Alain Juppé : « Notre troisième priorité, c’est de travailler à la construction d’une nouvelle gouvernance mondiale » Extrait de son discours du 1er février 2012 à l’Institut d’études politiques de Paris
« Mesdames, Mesdemoiselles, Messieurs,
Dans ce monde nouveau, la diplomatie française est en initiative sur tous les fronts. Dans ce monde nouveau, elle refuse le statu quo, l’inertie et le renoncement.
Dans ce monde nouveau, elle se déploie avec pragmatisme et volontarisme au service du rayonnement de la France, selon quatre axes prioritaires : la promotion de nos valeurs, l’avancée de l’Europe, la construction de la gouvernance mondiale, la recherche de la sécurité.
Je voudrais vous en dire quelques mots.
Le premier axe, c’est de parier sur la contagion des valeurs.
Pendant des années, au nom de la sécurité et de la stabilité, de l’endiguement de l’islamisme djihadiste et de la lutte contre le terrorisme, des gouvernements qui ne respectaient pas les droits de l’Homme et freinaient le développement de leur pays ont été soutenus avec complaisance. C’était sous-entendre que certaines régions du monde ne sont pas faites pour la démocratie. C’était aussi oublier que la liberté est en germe dans chaque homme et que partout dans le monde, les peuples se battent pour la conquérir.
Par son ampleur, le « printemps arabe » a balayé trente ans d’immobilisme. Il nous a montré la force des aspirations des peuples. Il nous a renvoyés à notre propre histoire, en nous rappelant que le chemin vers la démocratie est long et exigeant et que chaque pays avance à son rythme. Il nous a engagés à faire le pari de la confiance tout en étant conscients des risques.
Ma conviction, c’est que le mouvement vers la démocratie est universel et que nous devons continuer à l’accompagner, malgré les soubresauts qu’il connaîtra nécessairement.
C’est ce que nous faisons en Birmanie, où nous encourageons les autorités à progresser sur le chemin de l’ouverture – j’ai porté ce message il y a quelques semaines au peuple et au gouvernement birmans, ainsi qu’à Aung San Suu Kyi, avocate inlassable de la démocratie, prix Nobel de la paix et militante des droits de l’Homme, à qui j’ai exprimé le respect, le soutien et l’affection de la France.
C’est ce que nous faisons en Europe, vigilants à l’égard des Etats membres de l’Union comme de nos premiers voisins, qui sont les pays de l’ex-Communauté des Etats Indépendants.
C’est ce que nous faisons en Afrique, quand nous aidons le peuple ivoirien à faire respecter ses choix, quand nous saluons la naissance d’un nouvel Etat au Sud-Soudan, quand nous appelons les autorités congolaises à la transparence et quand nous faisons preuve d’une vigilance accrue à l’approche de la présidentielle au Sénégal.
C’est enfin dans cet esprit que nous sommes aux côtés des gouvernements des pays arabes qui ont fait le choix de la démocratie.

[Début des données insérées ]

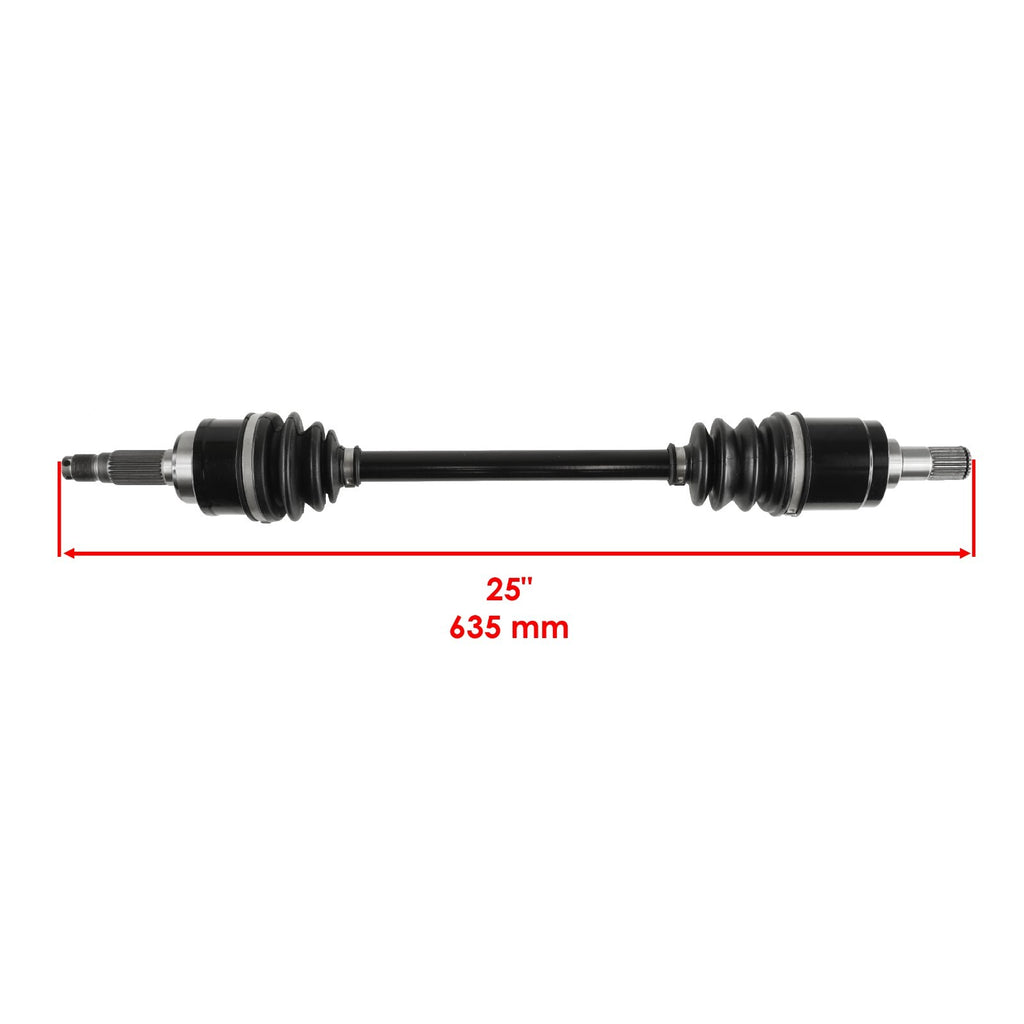 Caltric Front Right CV Joint Axle Replacement for Honda MUV700 (2009-2013)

Avec la création de l’Union pour la Méditerranée, nous avons dessiné une grande ambition pour la Méditerranée : l’ambition d’un vaste espace commun dans lequel les pays des deux rives, chacun avec son héritage, chacun avec son horizon, puissent tisser sur un pied d’égalité des liens renouvelés au service de la paix, de la liberté et de la démocratie. Cette ambition, le « printemps arabe » lui a donné un nouveau souffle. Nous savons tous que la démocratie ne se fera pas en un jour. Nous savons tous que l’histoire peut réserver des déceptions ou des surprises. Et nous sommes tous déterminés à faire preuve de vigilance pour que les nouveaux gouvernements restent fidèles aux valeurs pour lesquelles ils ont été élus et respectent les règles de la vis démocratique. Mais je ne vois pas au nom de quoi nous pourrions refuser à des peuples dont la voix a été si longtemps étouffée le droit d’exprimer leur choix. Je ne vois pas au nom de quoi ce qui s’est passé dans tant de pays, en Inde, en Amérique latine ou en Europe, ne pourrait pas se produire dans les pays arabes.

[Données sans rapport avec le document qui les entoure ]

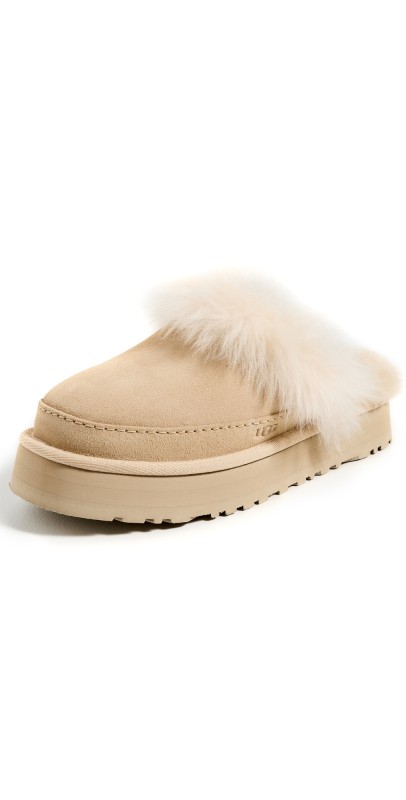 UGG Disquette Chalet Slippers Sandcastle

Je pense naturellement à la Syrie, où le peuple s’est levé et fait face avec courage à une répression sauvage. Au nom de la non-ingérence, au nom de la crainte de l’islamisme, beaucoup rechignent à agir. Ce n’est pas le choix de la France. Le choix de la France, l’honneur de la France, c’est de soutenir l’opposition syrienne et de travailler avec la Ligue arabe pour trouver une sortie de crise – c’est ce que nous avons fait hier à New York. Et ne nous y trompons pas : si nous n’agissons pas, alors nous laisserons le champ libre au chaos ; alors nous laisserons libre cours aux extrémismes de tout bord.
Deuxième priorité : franchir une nouvelle étape dans le projet européen, qui nous rendra plus forts pour peser dans les affaires du monde.
L’urgence, c’est de surmonter la crise de la dette et de construire avec nos partenaires l’Europe de la compétitivité, de la croissance et de l’emploi.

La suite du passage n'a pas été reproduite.